Each of the pair of n-channel type field effect transistors includes a polysilicon gate electrode 213 connected to the word line, an n-type drain region 214 connected to the bit line, and an n-type source region 215 connected by the polysilicon source electrode 216 to one of the storage nodes 217. Below the n-type source region 215, a p.sup.+ impurity region 212 is formed, by which the source region 215 is isolated from a depletion layer formed on the substrate 211 by the potential of the storage node 217. Hence, the p.sup.+ impurity layer 212 is effective to prevent soft error caused by .alpha. particles.
In the memory cell of FIG. 5, the positive potential with respect to the p type substrate 211 is applied to the gate 213, such that channel region between the n type source 215 and the n type drain 214 is rendered conductive so that data can be written into or read out from the storage node 217.
The memory cell of FIG. 5 is a so-called substrate cell plate type memory cell in which the reference potential is applied from the semiconductor substrate 211 to the cell plate 230. However, with this construction, the noise potential of the semiconductor substrate 211 is reflected directly as the fluctuations in the cell plate potential to lower the noise margin of the memory cell.
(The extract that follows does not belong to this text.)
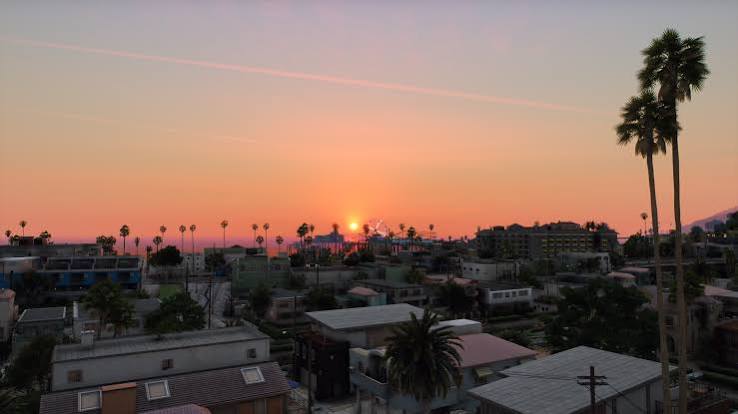 Sunset over a Los Santos beachfront neighbourhood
Moreover, since it is not possible with the substrate cell plate type memory cell to apply a potential different from the predetermined substrate potential to the cell plate 230, the cell plate potential cannot be adjusted in such a manner as to decrease the intensity of the electrical field applied to dielectric film 218a of the capacitor.
M. Kumanoya et al reports in IEEE J. Solid-State Circuits, vol. SC-18, pp 909 to 913 Oct., 1985 that, by applying a potential Vcc/2 (2V) different from the substrate potential Vss (0V) to the cell plate, the intensity of the electrical field applied to the dielectric film of the capacitor is decreased to improve the operational reliability of the memory cell. In this case, the "H" level signal voltage is 4V, and the "L" level signal voltage is 0V. That is, when the substrate potential Vss is applied to the cell plate, the dielectric film of the capacitor must withstand the intensity of the electrical field of 4V, whereas, when the potential Vcc/2 is applied to the cell plate, it is only necessary for the dielectric film to withstand the intensity of electrical field of 2V. This means that a larger thickness of dielectric film of the capacitor is required when the substrate potential is applied to the cell plate, and the thicker dielectric film of the capacitor are not desirable to the higher degree of integration of the RAM device.
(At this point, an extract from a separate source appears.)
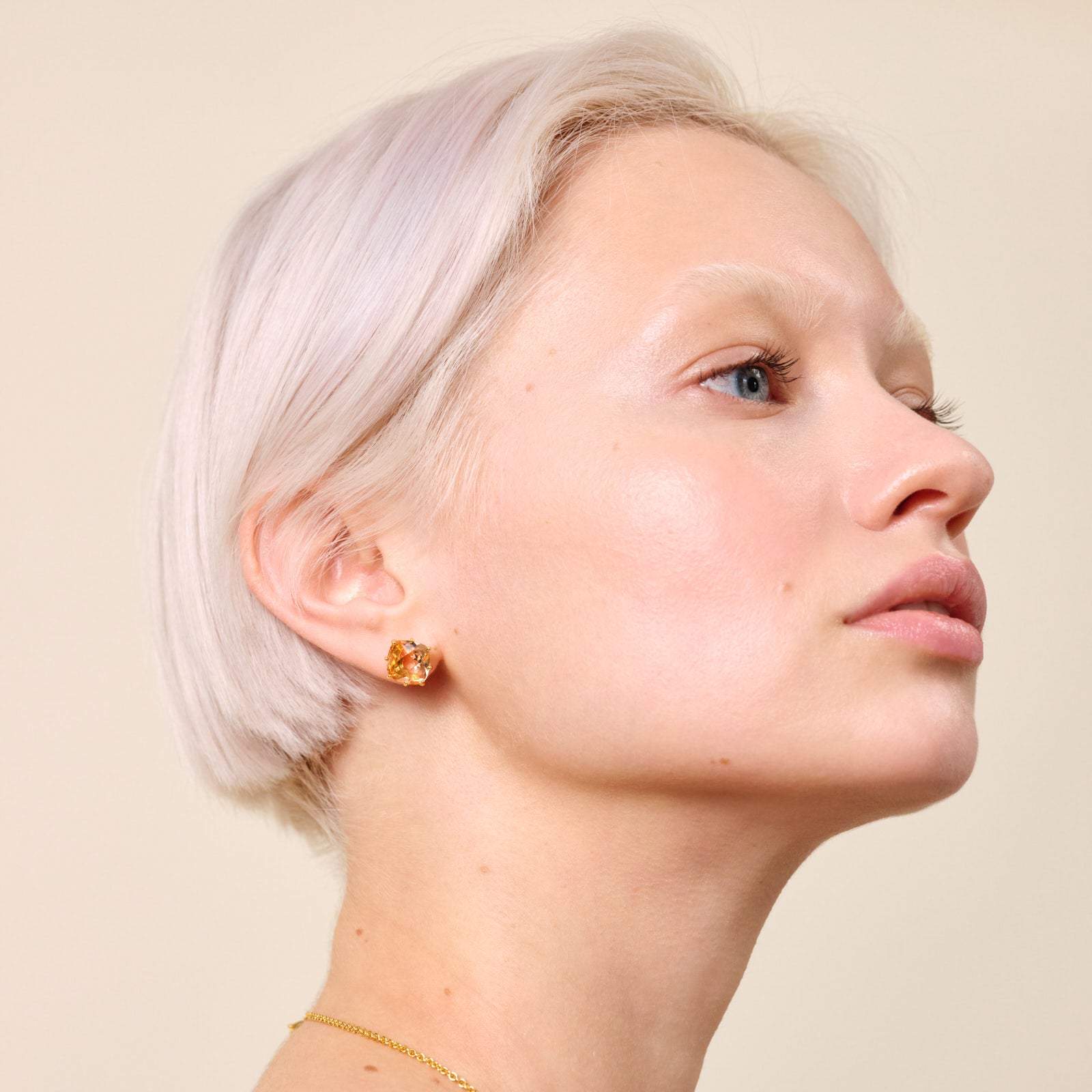 Boucles d'oreilles pierre carrée la diamantine rose abricot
Moreover, in FIG. 5, inasmuch as a depletion layer is formed in the substrate 211 due to the potential of the storage node 217, the silicon oxide film 218b practically does not play the role of the dielectric film of the capacitor. In order that not only the silicon oxide film 218a but also the silicon oxide film 218b may act as a dielectric film of the capacitor, it is sufficient to increase the concentration of the p type impurity in the substrate 211. However, when the impurity concentration of the substrate is increased, the threshold voltage of the field effect transistor is undesirably increased.